The Lattice Agent

Purpose. A lightweight background executable that runs on workstations, servers, and ephemeral cloud nodes. It learns local baselines, detects anomalies, and can contain suspicious activity before it propagates.

Design goals

• Low friction: ~1–3% CPU during active analysis bursts; idle footprint targeted to be negligible.

• Portable: Windows (service), Linux (systemd), macOS (launch daemon). Container sidecar for CI/CD runners.

• Self-protections: signed binaries, ASLR/DEP hardening, secure update channel, rollback on failure.

What it observes (privacy-minimized)

• Process graph: parent/child relationships, token use, privilege escalation attempts.

• Network flows: destination tuples, TLS SNI, egress patterns (no payload inspection by default).

• File integrity: hash diffs for sensitive paths, unusual encryption bursts, mass rename/delete.

• User signals: off-hours logons, anomalous geo/IP, abnormal MFA prompts.

• DevOps hooks (optional): git client actions, build step scripts, package manager anomalies.

Local actions

• Soft isolate: kill process / block domain / restrict interface; expire automatically if cleared.

• Forensics capsule: short-lived, encrypted artifact (proc tree, hashes, flow summary).

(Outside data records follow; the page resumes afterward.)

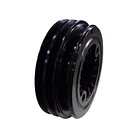 Polea Damper Montero Pajero 3.2 2008-2018 2
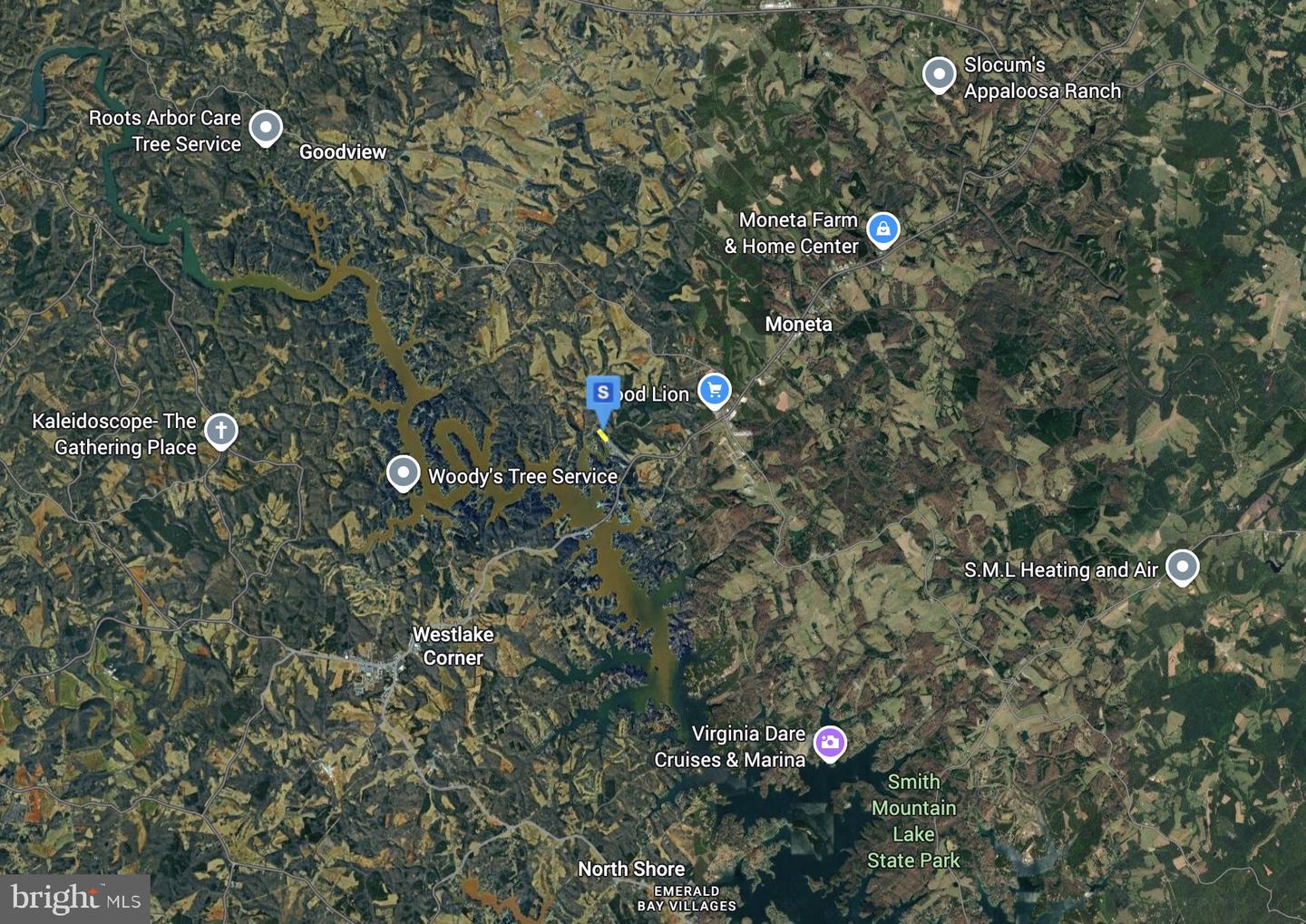 1099 BRIDGEWATER LN, MONETA, Virginia 24121, ,Land,For sale,1099 BRIDGEWATER LN,VABV2000282 MLS # VABV2000282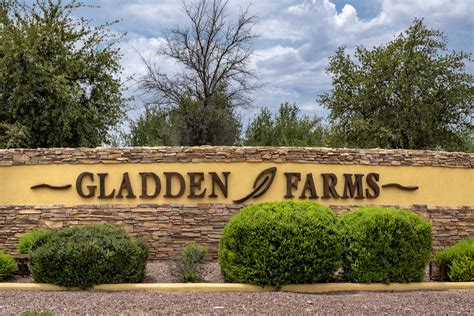 The legends at gladden farms  Seven floor plans to choose from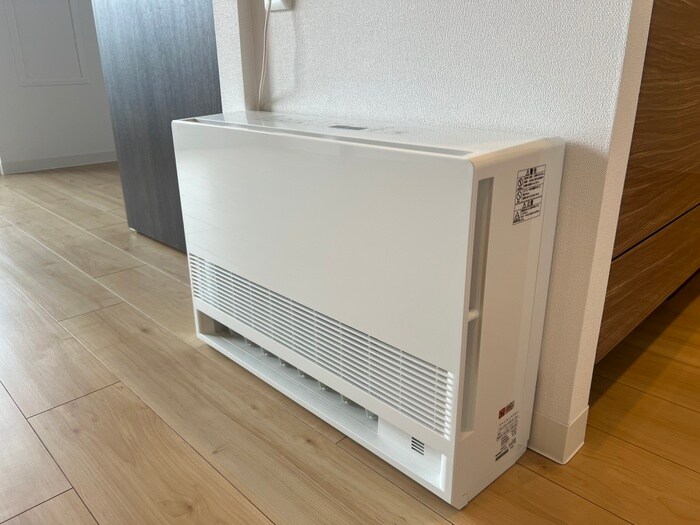 クラッセ札幌ｼﾃｨｱｸｼｱ・ﾉｰｽﾃﾗｽの物件内観写真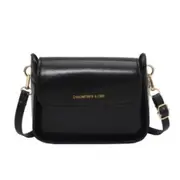 Retro Female Small PU Leather Handbags Crossbody Messenger Bag Lady's Fashion Brand Designer Women??s Covered Bags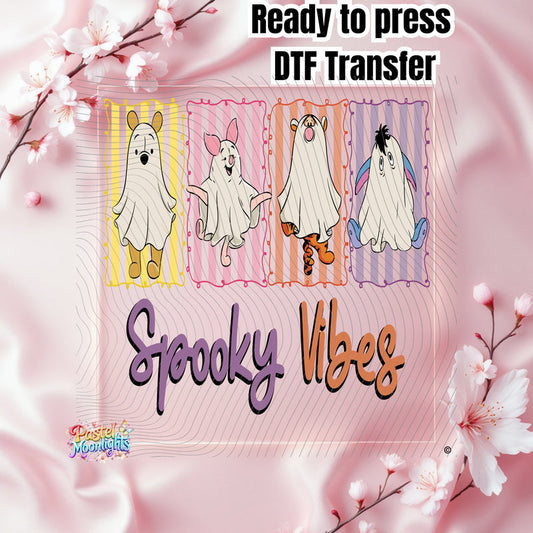 Halloween Design #577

• Explainability stub: why the agent acted (features + thresholds) for analyst review.

Event shape (agent → AI)

{
  "eid": "c9b3…",
  "ts": "2025-03-21T11:24:31Z",
  "host": {"id":"DESK-7821","os":"win","ver":"24H2"},
  "signal": {
    "kind": "proc.spawn",
    "parent": "powershell.exe",
    "child": "rclone.exe",
    "args": "--drive service_account.json"
  },
  "net": {"dst_ip":"203.0.113.26","dst_port":443,"sni":"undisclosed.cloud"},
  "risk": {"local_score":0.72,"action":"soft_isolate"},
  "proof": {"hmac":"6f2a…","nonce":"b1a…"}   // protects integrity before uplink
}

Why this matters The agent converts noisy telemetry into compact, privacy-respecting signals and—when necessary—buys time by containing threats locally while higher layers verify and coordinate a response.